Fotocamere antiche e tempi di esposizione: sorridere era (quasi) impossibile
Nel XIX secolo, scattare una fotografia era un processo lungo e macchinoso. Le fotocamere dell’epoca richiedevano tempi di esposizione lunghissimi: chi si faceva ritrarre doveva restare completamente immobile per diversi minuti. Anche il minimo movimento rischiava di rovinare la foto. In queste condizioni, mantenere un sorriso naturale diventava un’impresa. I muscoli facciali si affaticavano e la posa forzata trasformava il sorriso in una smorfia poco gradevole.
I fotografi, consapevoli del rischio di immagini sfocate o poco riuscite, consigliavano espressioni neutre o serie. Inoltre, l’estetica dell’epoca era ancora influenzata dalla pittura: nei ritratti a olio, il volto serio era la norma, segno di compostezza e dignità.
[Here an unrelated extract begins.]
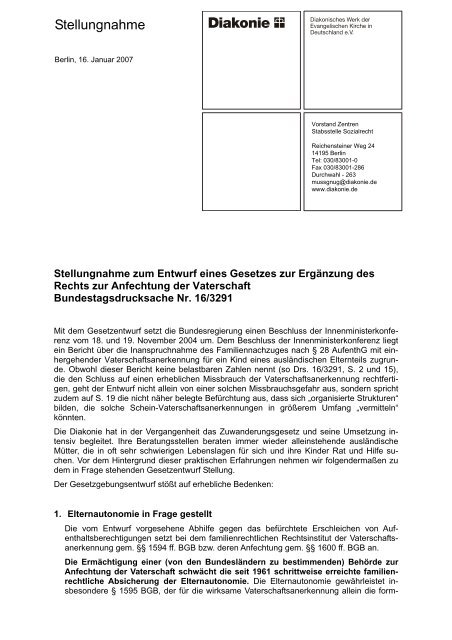Stellungnahme (PDF, 70 KB)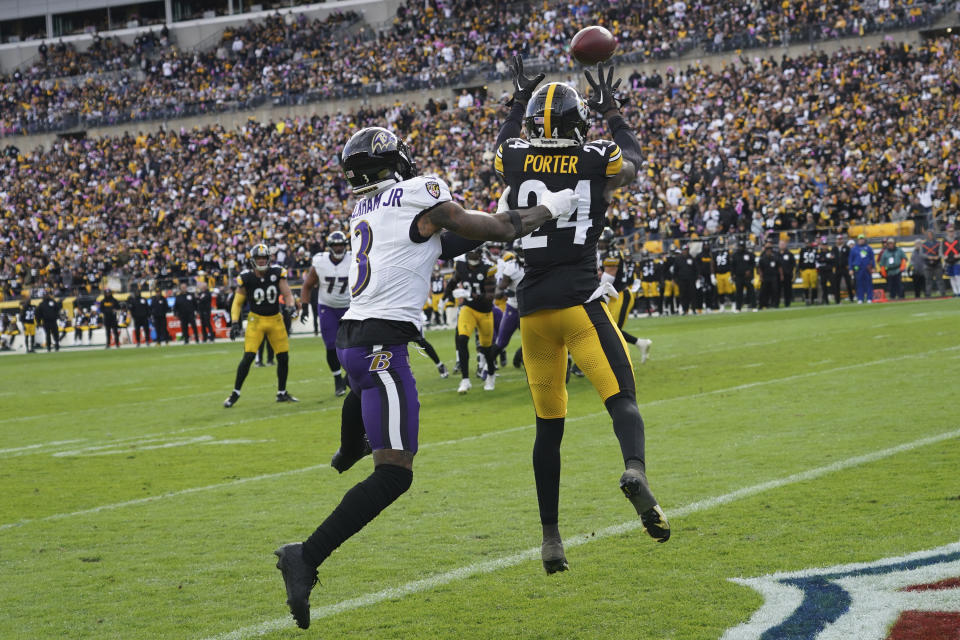 Pittsburgh Steelers cornerback Joey Porter Jr. (24) intercepts a pass intended for Baltimore Ravens wide receiver Odell Beckham Jr. (3) in the second half of an NFL football game in Pittsburgh, Sunday, Oct. 8, 2023. (AP Photo/Matt Freed)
Un fattore culturale: sorridere era considerato poco elegante
Al di là dei vincoli tecnici, il sorriso nelle foto veniva spesso giudicato inappropriato. Nell’Ottocento e nei primi del Novecento, mostrare i denti era associato alla volgarità, alla dissolutezza o persino all’ubriachezza. Sorridere ampiamente in un ritratto pubblico equivaleva, per molti, a comportarsi in modo poco serio o infantile. Tra le classi più abbienti, poi, prevaleva un’ulteriore motivazione: la salute dentale. L’igiene orale non era diffusa come oggi e molte persone, anche giovani, avevano denti rovinati o mancanti. Mostrare un sorriso “a piena dentatura” non solo era sconsigliato, ma anche evitato per pudore.

Il critico d’arte Nicholas Jeeves ha documentato come, fino alla diffusione della fotografia istantanea, la risata in pubblico fosse ritenuta ridicola o addirittura indegna. La serietà, invece, era sinonimo di rispetto e raffinatezza.
La rivoluzione Kodak: quando iniziamo davvero a sorridere
Con l’introduzione delle fotocamere Kodak e la riduzione significativa dei tempi di esposizione, le fotografie cominciarono a cambiare volto. Scattare diventava un gesto spontaneo, alla portata di tutti, senza più bisogno di stare fermi per minuti interi. La tecnologia, però, non fu l’unico motore del cambiamento. Anche la cultura dell’immagine si trasformò. A partire dagli anni ’30 del Novecento, il sorriso iniziò a diventare la norma nei ritratti, spinto anche dalla pubblicità, dal cinema e, più avanti, dalla televisione.
Mostrare la propria gioia davanti all’obiettivo non era più sconveniente: rappresentava felicità, fiducia, autenticità. In poche decadi, le fotografie da rigide e formali si fecero personali, calorose, piene di emozione.
Occhi rossi e altri “misteri” delle vecchie fotografie
Andiamo avanti di qualche decennio. Un altro dettaglio tipico delle vecchie foto, soprattutto di quelle scattate tra gli anni ’70 e ’90, è il cosiddetto “effetto occhi rossi”. Quel riflesso spettrale è dovuto alla luce del flash, che colpisce la retina attraverso la pupilla dilatata e rimbalza indietro verso l’obiettivo.
Il fenomeno è più evidente in ambienti poco illuminati, nelle persone con occhi chiari e nei bambini. Le fotocamere analogiche, con il flash integrato vicino alla lente, accentuavano ancora di più questo effetto. Non era un difetto dell’occhio, ma un limite tecnico facilmente spiegabile oggi.
Guardare le vecchie foto con gli occhi di oggi può trarre in inganno. Chi non sorrideva non era triste, ma viveva in un mondo con regole diverse, sia tecniche che culturali. Capire il contesto di quelle immagini ci permette di apprezzare ancora di più la loro unicità e il valore storico che racchiudono.